Once the sun rose again, the field had shrunk to just a few tough souls still out there pushing toward the finish line. By now, our aid station was in constant contact with all of the other aid stations keeping track of where each runner was at all times.  There are time cut offs in these races.  If you don't make it to a certain point by a set time, it is a good bet you will not make the overall cut off for the race.  This is when the RD exercises his power to pull you off of the course.  For your own good as well as for the volunteers who have been out there 24+ hours.

Finally, it came down to AD and two other girls out on the trail.  For most of the race AD had been DFL (dead &*%&^  last), but he was gaining ground on the girls, and from the report I got from the start/finish, I knew he started his last lap (180 miles into his run) like his shorts were on fire.  He was determined to make it to the finish under the cutoff and it was looking like he would!  

Next thing you know, here comes AD - he threw his empty water bottles to the side and grabbed the filled bottles his sister had waiting for him and took off down the trail - his pacer was even having a hard time keeping up!! 

Then, here come the two girls we were waiting on.  They were obviously hurting, but they were still moving forward at a decent pace, so there was hope they would make it to the end in time.  Now that all of the runners had come through our stop, we packed everything up and headed to the start/finish to watch the runners come through.  There was no way, regardless of how tired Shelby, Josh and I were, that we were going to miss watching AD finish his 200 mile journey.  That was some epic sh&t, and not something my kids may ever have a chance to witness again.  All day they followed AD's progress, and they were as excited as I was to see him finish!

The finish lines at these events are as drama filled as anything I have ever seen!  I got to witness two beautiful ladies finish their first 100 miler:

Lucia Alzaga

Rhae Loney

I know first hand that the amount of suffering during the run is directly related to the amount of elation/relief/feeling of accomplishment felt as you cross the finish line.  GREAT JOB LADIES!! There were many happy tears - many from me - for each of the runners that finished that morning.  Then, it was time to wait for AD.  But, we didn't have to wait long.  AD flew through that last 20 miles.  It was his fastest lap of the race!  Here he is coming in to the finish:

There are no words.  Truly amazing!
AD with Chris Scott, RD, after receiving his
buckle and propeller hat.  (Along with 2 celebratory

So, we wrapped things up and headed home.  Shelby and Josh were buzzing about AD's finish.  How amazing is it that they were able to witness such an awesome achievement on all of the runner's parts, and that they were able to be an integral part of their success by working the aid station.

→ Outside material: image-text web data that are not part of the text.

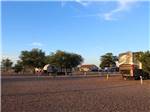 A row of gravel sites with benches at BLAZE-IN-SADDLE RV PARK - thumbnail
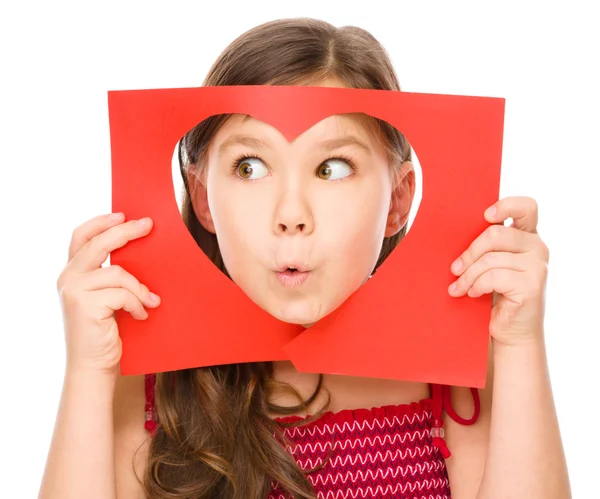 Little girl is looking through heart template — Stock Photo, Image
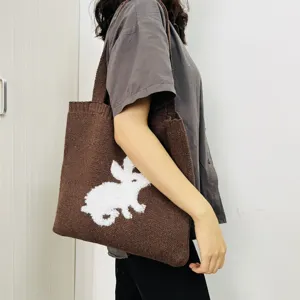 Bruine gebreide schoudertas shopper voor dames met schattig wit pluizig konijn patroon retro stijl.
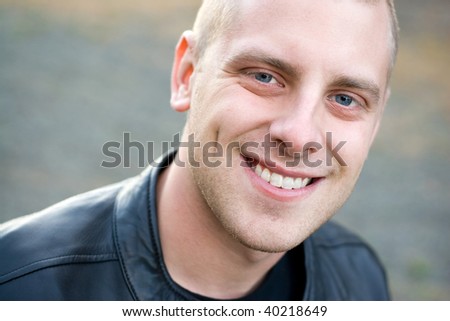 Closeup of the face of a happy young man with a big smile.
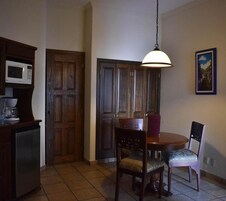 Un comedor con mesa de madera, sillas, lámpara colgante y microondas en un mueble.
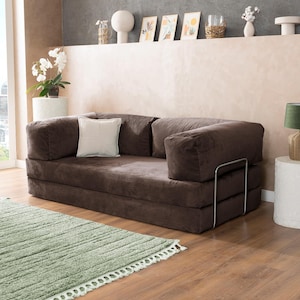 May include: A brown corduroy sofa with a white square pillow. The sofa has a metal frame and is placed on a wooden floor next to a green rug. Decorative items are on a shelf in the background.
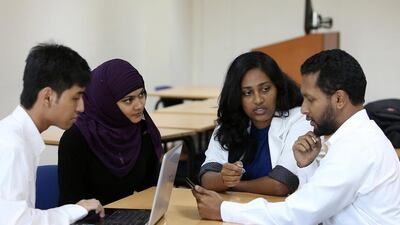 Fauzan Sudradjat, Nilufa Hoque, Lorain Manoj and Abdush Shakoor, students from the University of Wollongong in Dubai, have developed a learning app for children. Pawan Singh / The National
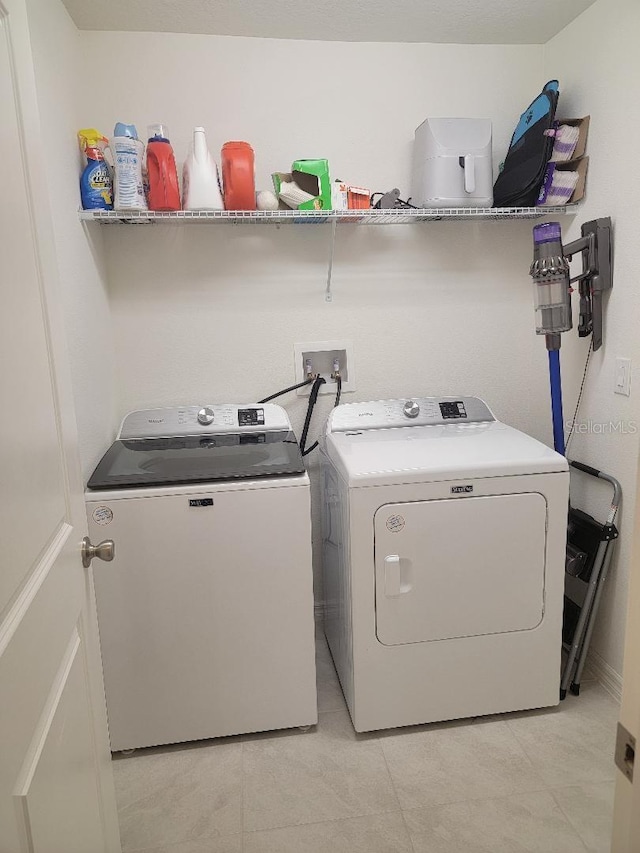 laundry area with washer and clothes dryer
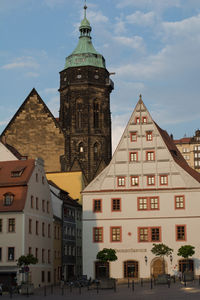 View of buildings in city against sky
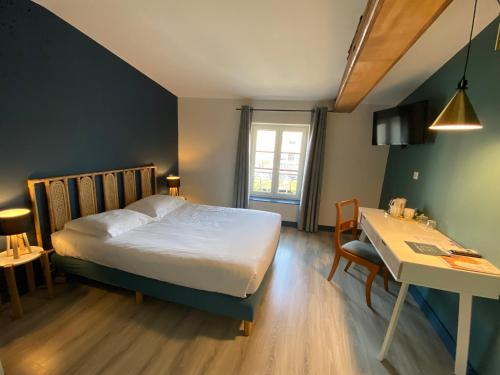 卡斯特尔Le Miredames Hôtel-Bar的一间卧室配有一张床、一张桌子和一张桌子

Even if they never choose to attempt something like this themselves, hopefully they will pull on these memories to remind them that anything is possible when you put in the work and set your mind on a goal.

Happy Running Y'all!



  1. Edie, WOW! So, I read this for the first time today. As if your support and encouragement along the way weren't enough, I'm truly honored that you would share those kind words about my sister, Sarah, and the task at foot. I apologize for not getting up to Lafayette last w/e for the party (St Patty took hold and wouldn't let me leave BR). I plan to head your way in the next wk or 2. Did I see a post about a Chicot run this Friday? May work out w/ my schedule.

  2. I think we are going to go to Lake Martin on Friday morning to stay local (Breaux Bridge). It is about a 5ish mile loop - supposed to be a beautiful trail - it will be my first time out there. WE will be heading to Chicot on Saturday when more folks can come. We would love to have you either day!!

    And you are very welcome - I was happy to be there to witness your achievement, and it was awesome seeing Sarah take on the role of support crew for you. It was great meeting her!